··· Data for this exercise ···

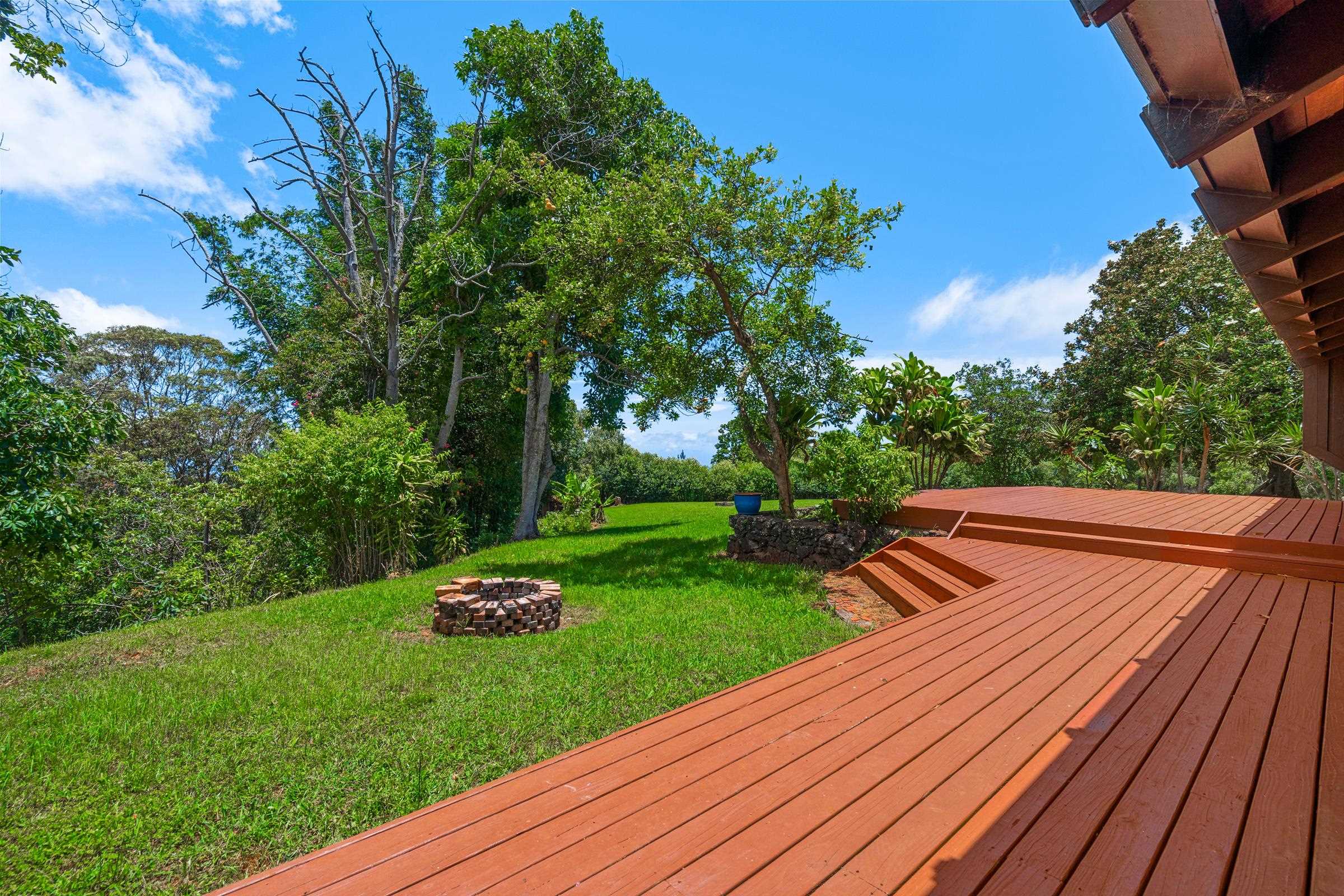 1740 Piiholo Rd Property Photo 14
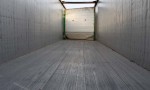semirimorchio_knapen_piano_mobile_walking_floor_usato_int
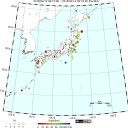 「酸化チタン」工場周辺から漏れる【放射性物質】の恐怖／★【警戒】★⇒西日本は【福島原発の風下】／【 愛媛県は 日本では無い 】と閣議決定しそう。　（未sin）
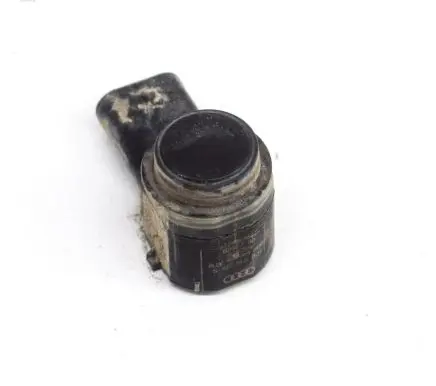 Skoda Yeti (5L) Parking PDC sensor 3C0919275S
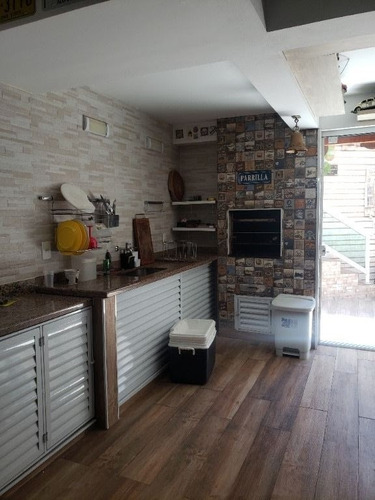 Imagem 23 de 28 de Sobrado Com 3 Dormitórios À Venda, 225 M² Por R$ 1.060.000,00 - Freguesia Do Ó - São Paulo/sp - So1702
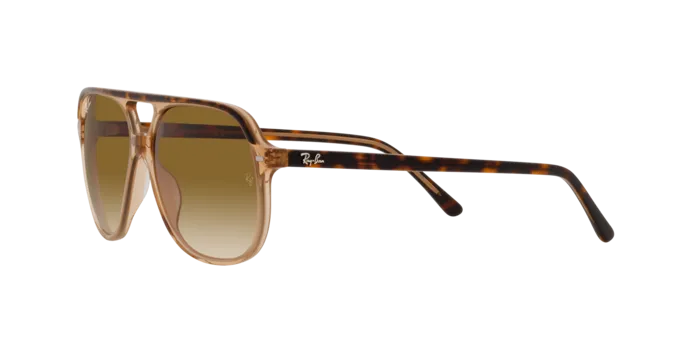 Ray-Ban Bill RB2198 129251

···
··· Data for this exercise ···

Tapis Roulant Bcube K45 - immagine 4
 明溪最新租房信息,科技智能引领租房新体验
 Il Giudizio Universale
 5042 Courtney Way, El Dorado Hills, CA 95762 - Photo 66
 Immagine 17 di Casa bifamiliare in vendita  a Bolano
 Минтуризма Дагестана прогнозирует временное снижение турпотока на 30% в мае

···

=== To do ===
With pictures excluded, reproduce exactly the lines above from the one containing "Skoda Yeti (5L)" down to the one containing "Ray-Ban Bill RB2198 129251", those two included.

=== Solution to the problem ===
 Skoda Yeti (5L) Parking PDC sensor 3C0919275S
 Imagem 23 de 28 de Sobrado Com 3 Dormitórios À Venda, 225 M² Por R$ 1.060.000,00 - Freguesia Do Ó - São Paulo/sp - So1702
 Ray-Ban Bill RB2198 129251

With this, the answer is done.